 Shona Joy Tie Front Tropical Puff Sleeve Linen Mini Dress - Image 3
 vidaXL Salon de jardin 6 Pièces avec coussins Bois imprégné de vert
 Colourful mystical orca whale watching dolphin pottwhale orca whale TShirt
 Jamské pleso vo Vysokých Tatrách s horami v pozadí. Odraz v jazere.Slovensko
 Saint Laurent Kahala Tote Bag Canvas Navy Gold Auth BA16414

•••••

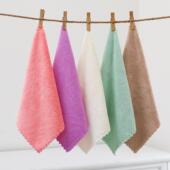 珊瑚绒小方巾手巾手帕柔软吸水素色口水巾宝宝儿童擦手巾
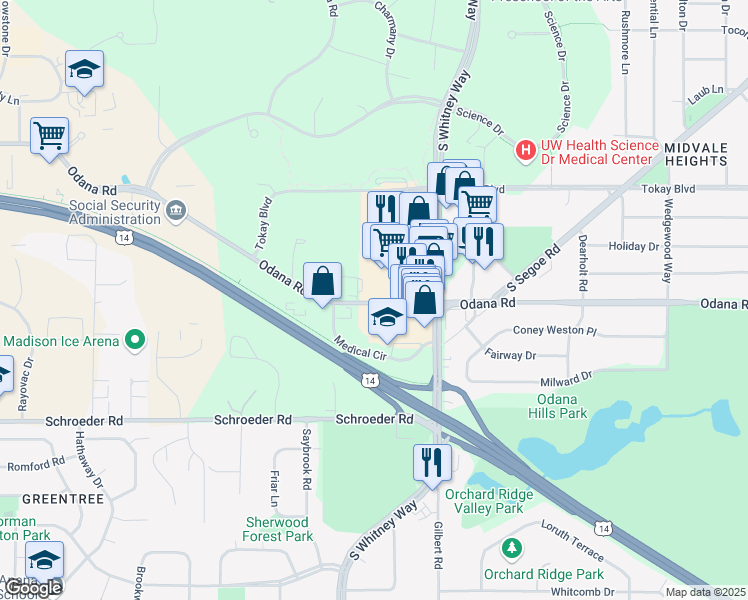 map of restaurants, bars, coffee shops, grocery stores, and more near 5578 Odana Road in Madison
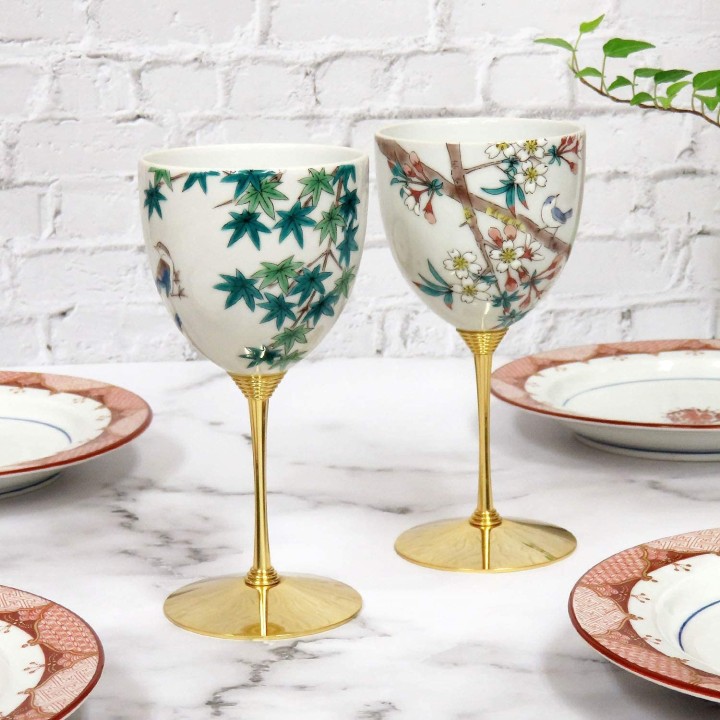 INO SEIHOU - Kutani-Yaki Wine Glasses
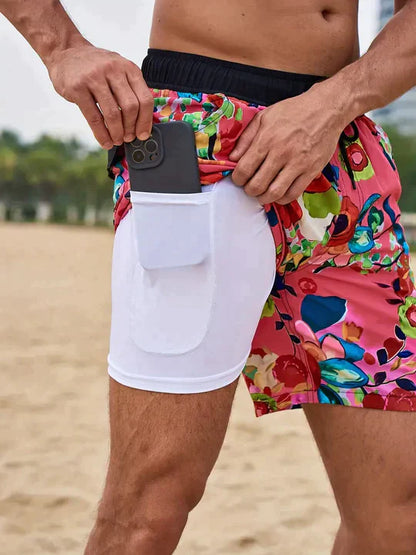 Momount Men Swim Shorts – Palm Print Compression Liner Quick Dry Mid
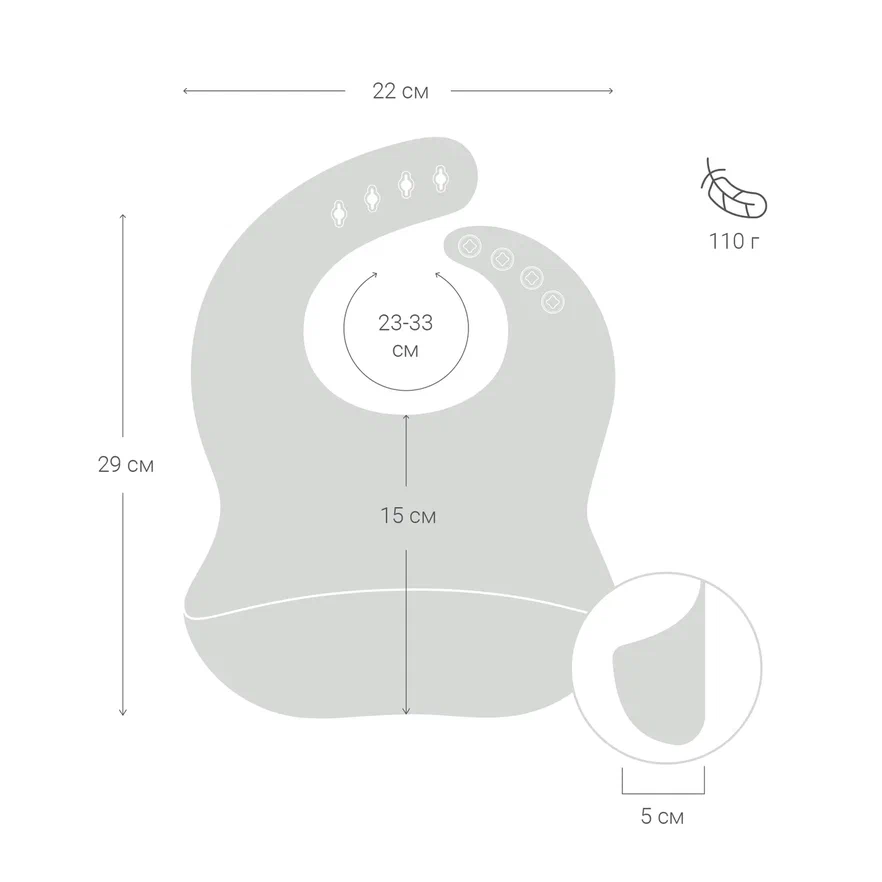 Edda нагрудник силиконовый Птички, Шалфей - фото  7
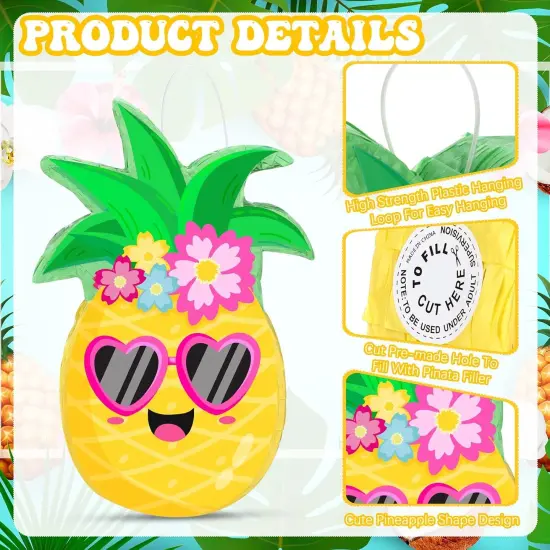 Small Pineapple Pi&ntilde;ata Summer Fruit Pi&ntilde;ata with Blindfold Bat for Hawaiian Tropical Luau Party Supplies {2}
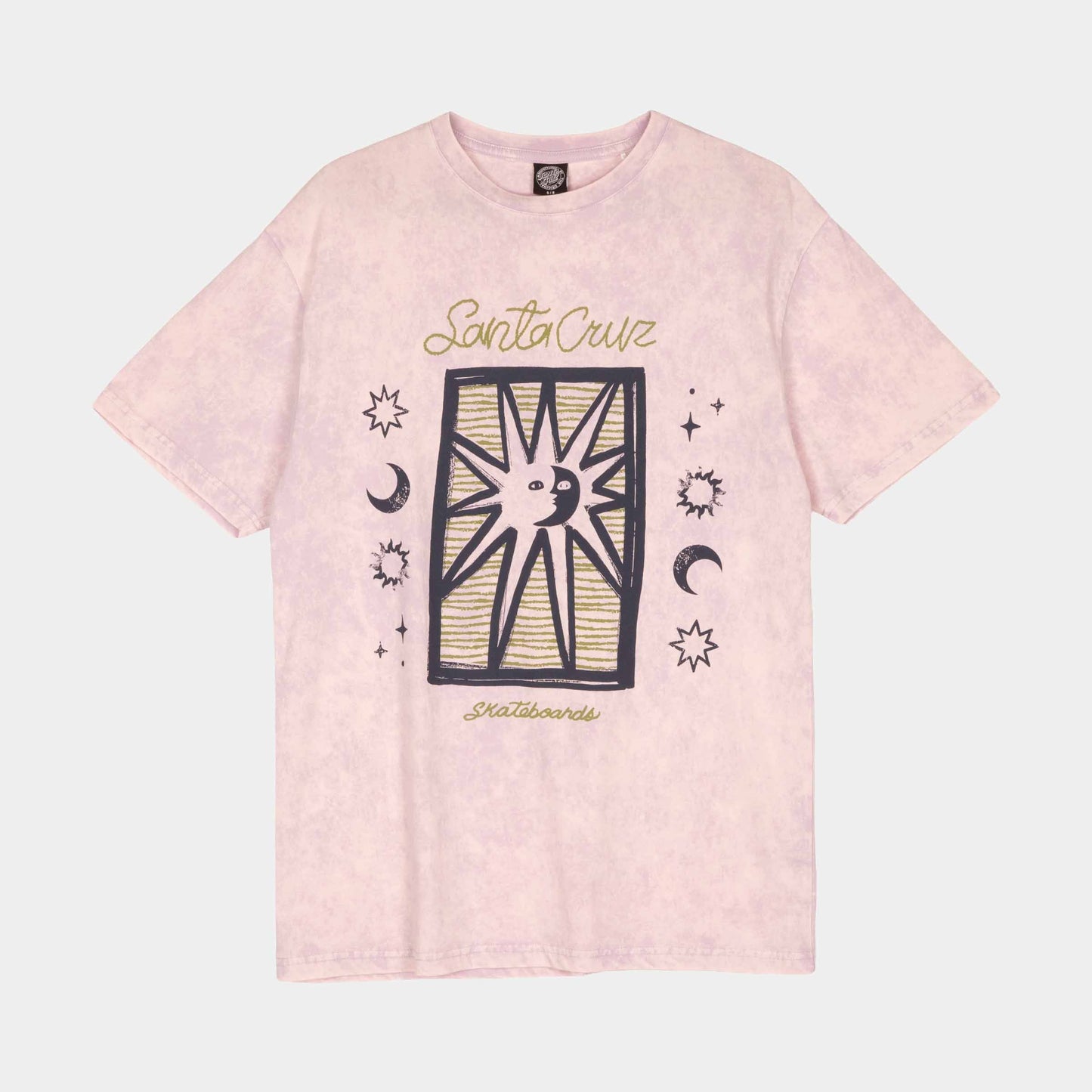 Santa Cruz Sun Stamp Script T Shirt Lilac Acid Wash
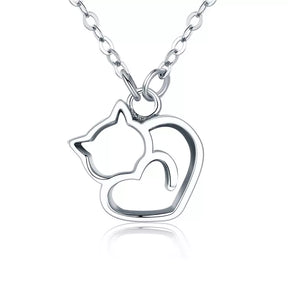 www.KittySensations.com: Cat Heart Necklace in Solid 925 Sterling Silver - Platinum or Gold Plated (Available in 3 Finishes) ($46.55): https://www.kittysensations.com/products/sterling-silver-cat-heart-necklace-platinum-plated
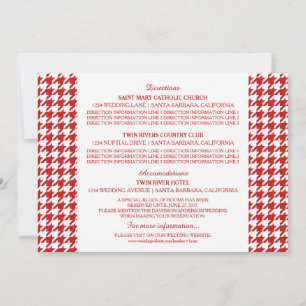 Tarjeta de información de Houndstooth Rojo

•••••

### ABOUT THIS TASK
Keep both end lines and retype everything in the records above from the line containing "Jamské pleso vo" through the line containing "Saint Laurent Kahala", exactly, with nothing else.

### REPLY TO THE EXERCISE
 Jamské pleso vo Vysokých Tatrách s horami v pozadí. Odraz v jazere.Slovensko
 Saint Laurent Kahala Tote Bag Canvas Navy Gold Auth BA16414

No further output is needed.